Z AI’s GLM-5.2 is the new leading open-weights model on the Artificial Analysis Intelligence Index, scoring 51 on the v4.1 benchmark suite. That puts it ahead of MiniMax-M3 (44), DeepSeek V4 Pro (max, 44), and Kimi K2.6 (43). The model also places on the Pareto frontier of intelligence versus cost per task — a rare combination in the open-weights landscape.
The score is an 11-point jump over GLM-5.1, achieved with the same architecture: 744 billion total parameters, 40 billion active. The gains come from across-the-board improvements in scientific reasoning, agentic performance, and long-horizon task execution. CritPt scores rose 16 points to 21 percent. HLE climbed 12 points to 40 percent. On GDPval-AA v2, the benchmark for real-world agentic work, GLM-5.2 scored 1524 — ahead of MiniMax-M3 (1418) and DeepSeek V4 Pro (max, 1328), and effectively tied with GPT-5.5 (xhigh reasoning) at 1514.
This is not a surprise in isolation. Frontier labs have been trading the top spot on leaderboards for months. But GLM-5.2’s position on the cost curve is what makes the result worth attention. At roughly $0.46 per task on the Intelligence Index, it is the cheapest model at its intelligence level that sits on the Pareto frontier. That is a meaningful data point for builders choosing between open and proprietary models.
The model also ships under an MIT license, with a 1 million token context window — up from 200,000 on GLM-5.1. It is available on Z AI’s first-party API and across third-party providers including DeepInfra, Novita, Nebius, Parasail, Siliconflow, GMI Cloud, Baseten, and Fireworks. Pricing is $1.40 per million input tokens, $4.40 per million output tokens, and $0.26 per million cache-hit tokens. For an open-weights model of this size, that is competitive.
But there is a tradeoff hiding in the numbers. GLM-5.2 uses 43,000 output tokens per Intelligence Index task, of which 37,000 are reasoning tokens. That is up from 26,000 on GLM-5.1, and well above MiniMax-M3 (24,000) and Kimi K2.6 (35,000). The model is less token-efficient than its peers at the same intelligence level. On the Intelligence versus Output Tokens chart, it sits off the most attractive quadrant.
That matters for two reasons.
First, token efficiency is a proxy for inference cost at scale. A model that uses 43,000 tokens per task will cost more to run per query than a model that uses 24,000, even if the per-token price is lower. The $0.46 per task figure already accounts for this — but it is a static number on a static benchmark. In production, where task complexity varies and caching patterns shift, the gap could widen. Builders who optimize for cost at high volume may prefer a less intelligent model that uses fewer tokens.
Second, the token inefficiency signals something about the model’s internal reasoning strategy. GLM-5.2 is generating more chain-of-thought tokens to reach its answers. That is not inherently bad — some problems require deeper reasoning. But it suggests that the model’s intelligence gains are partly a function of spending more compute per query, not just better architecture or training data. If that trend continues, the open-weights race could shift from a competition over benchmark scores to a competition over reasoning efficiency.
The GDPval-AA v2 result reinforces this reading. The benchmark uses a rotating panel of frontier-model judges and a 250-turn limit for agent trajectories, up from 100. GLM-5.2’s strong performance here — tying GPT-5.5 — suggests that its reasoning depth pays off in long-horizon agentic tasks. But the token count per task is also a liability for agentic workloads, where each turn adds to the total cost. A model that reasons efficiently in short tasks may be more practical for real-world agent deployments.

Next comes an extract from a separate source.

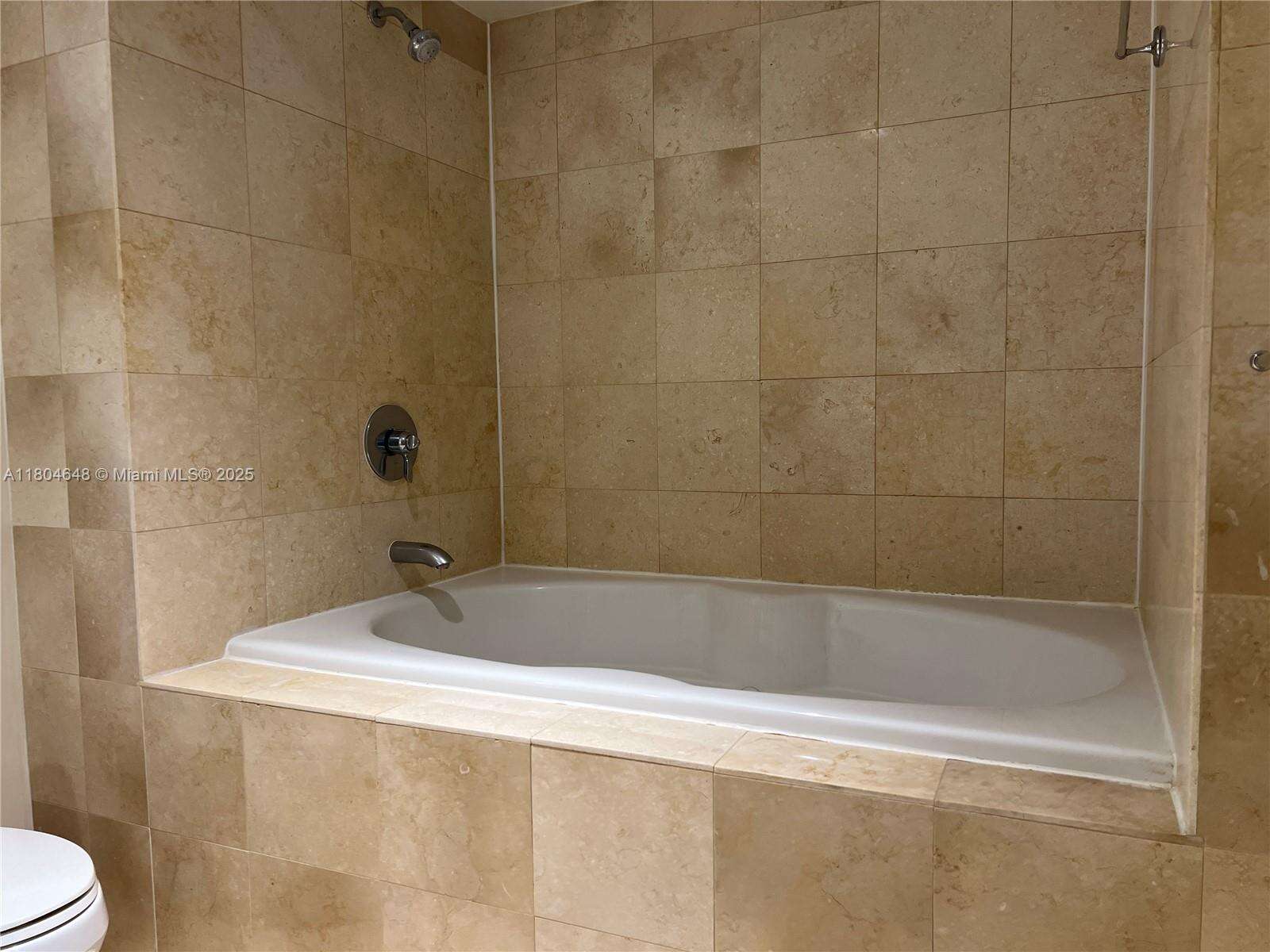 The Beach Club Three at 1800 Ocean Dr, Hallandale Beach, FL 33009 - For Sale photo 22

Z AI has not published a technical report or a paper for GLM-5.2. The only details available are what Artificial Analysis provides: the model size, the benchmark scores, the pricing, and the license. That is a departure from the practice of labs like DeepSeek and MiniMax, which have released detailed technical reports alongside their models. It makes it harder to assess whether the gains come from data quality, training methodology, or simply scaling inference-time compute.

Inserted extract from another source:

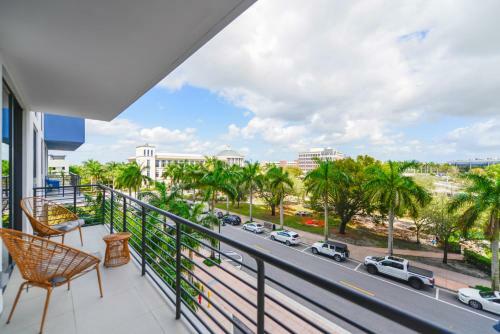 Apartamento Cozy 1-1 Br Steps From Downtown Doral Park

The open-weights leaderboard is increasingly crowded. GLM-5.2 now leads, but MiniMax-M3 and DeepSeek V4 Pro are close behind. Kimi K2.6 is within striking distance. None of these models are likely to hold the top spot for long. The real question is whether any of them can combine top-tier intelligence with token efficiency that makes them practical for production use at scale.
For builders, the takeaway is not that GLM-5.2 is the best open-weights model. It is that the gap between open and proprietary models is narrowing on intelligence, but widening on efficiency. A model that ties GPT-5.5 on agentic benchmarks while using 43,000 tokens per task is not a drop-in replacement for a proprietary model that achieves the same result with half the tokens. The cost structure of deployment will determine which model wins in practice.
GLM-5.2 is a strong entry. It is not a revolution. It is a measured step forward in a race where the next step is already being taken.